Viene fornito un algoritmo su GeeksForGeeks.com per la costruzione di un albero di ricerca binario dal suo preorder traversal.
Dicono che la complessità temporale per il codice seguente è O (n ^ 2). Ma secondo me dovrebbe essere O (nlogn). Sono fiducioso sul calcolo di O () per la maggior parte degli algoritmi, ma qui c'è un algoritmo divide and conquer, che viene eseguito come T(n) = T(n/2) + O(n)
, che a mio avviso dovrebbe funzionare in O (nlogn) con il metodo master?
Qualcuno può dirmi quanto la complessità sia O (n ^ 2)?
L'idea del codice è:
The first element of preorder traversal is always root. We first construct the root. Then we find the index of first element which is greater than root. Let the index be ‘i’. The values between root and ‘i’ will be part of left subtree, and the values between ‘i+1′ and ‘n-1′ will be part of right subtree. Divide given pre[] at index “i” and recur for left and right sub-trees.

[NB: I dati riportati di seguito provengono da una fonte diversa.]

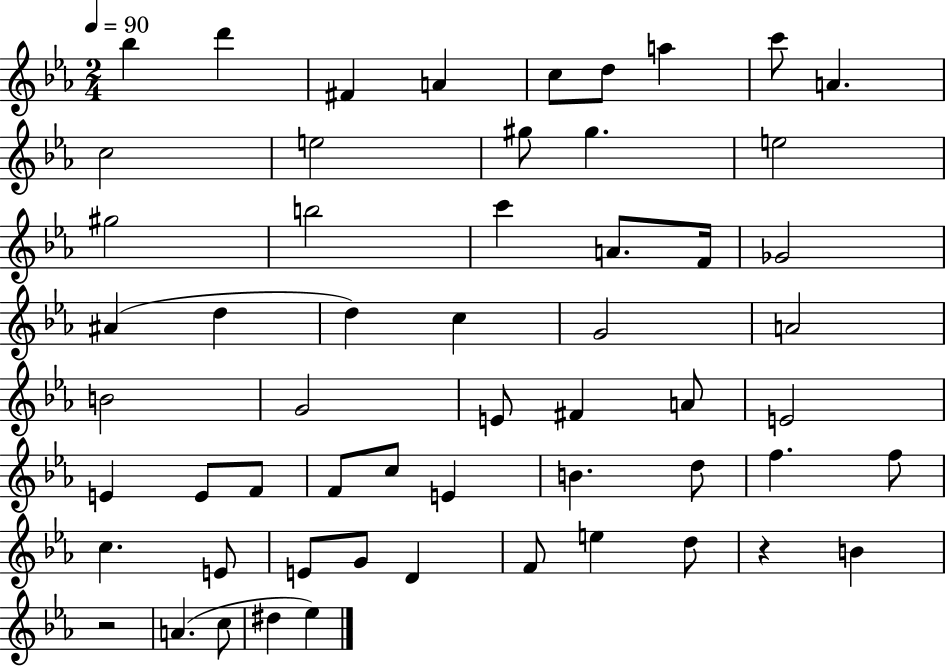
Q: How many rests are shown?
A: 2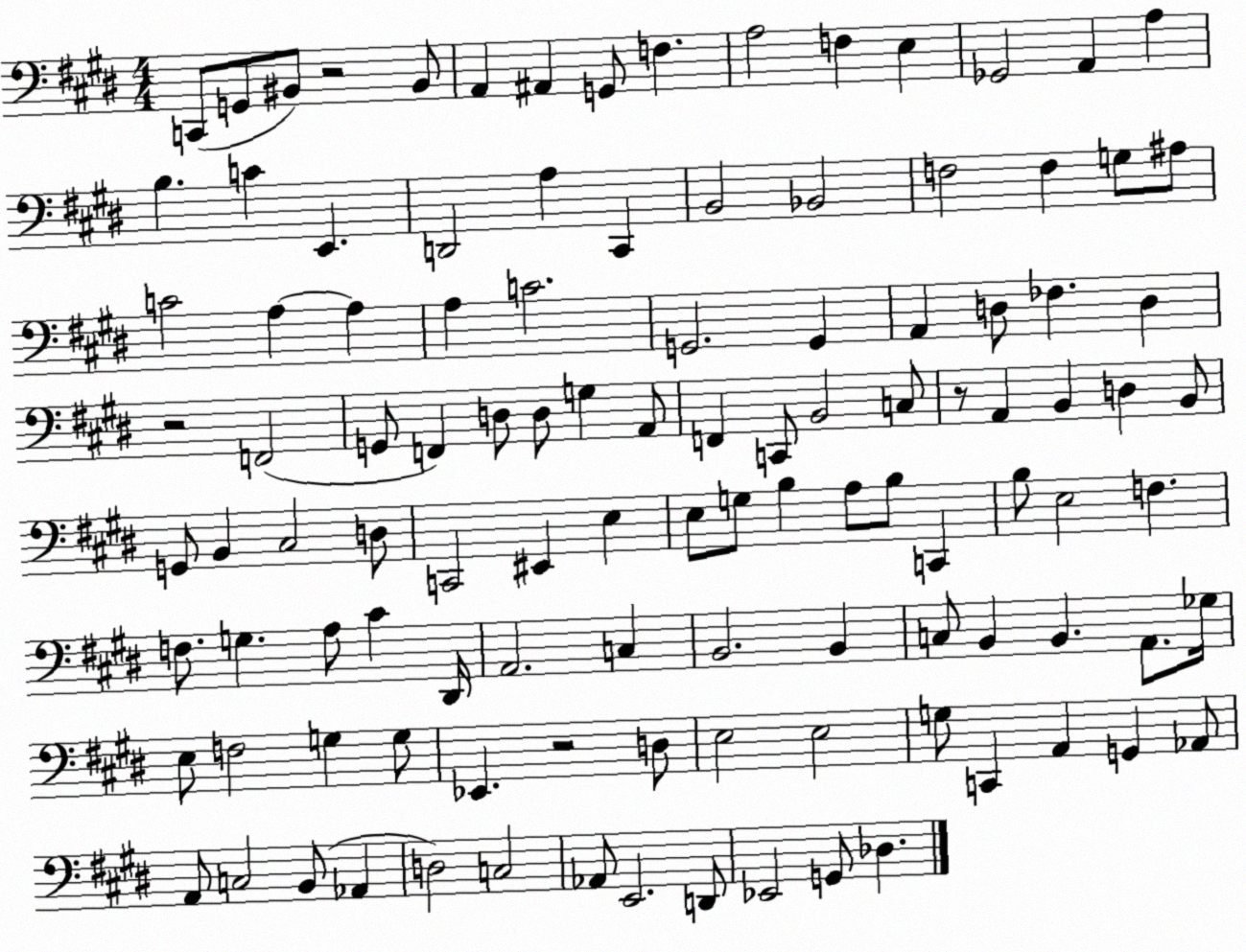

For example in {10, 5, 1, 7, 40, 50}, 10 is the first element, so we make it root. Now we look for the first element greater than 10, we find 40.
struct node
{
int data;
struct node *left;
struct node *right;
};
// A utility function to create a node
struct node* newNode (int data)
{
struct node* temp = (struct node *) malloc( sizeof(struct node) );
temp->data = data;
temp->left = temp->right = NULL;
return temp;
}
// A recursive function to construct Full from pre[]. preIndex is used
// to keep track of index in pre[].
struct node* constructTreeUtil (int pre[], int* preIndex,
int low, int high, int size)
{
// Base case
if (*preIndex >= size || low > high)
return NULL;
// The first node in preorder traversal is root. So take the node at
// preIndex from p re[] and make it root, and increment preIndex
struct node* root = newNode ( pre[*preIndex] );
*preIndex = *preIndex + 1;
// If the current subarry has only one element, no need to recur
if (low == high)
return root;
// Search for the first element greater than root
int i;
for ( i = low; i <= high; ++i )
if ( pre[ i ] > root->data )
break;
// Use the index of element found in postorder to divide postorder array in
// two parts. Left subtree and right subtree
root->left = constructTreeUtil ( pre, preIndex, *preIndex, i - 1, size );
root->right = constructTreeUtil ( pre, preIndex, i, high, size );
return root;
}
// The main function to construct BST from given preorder traversal.
// This function mainly uses constructTreeUtil()
struct node *constructTree (int pre[], int size)
{
int preIndex = 0;
return constructTreeUtil (pre, &preIndex, 0, size - 1, size);
}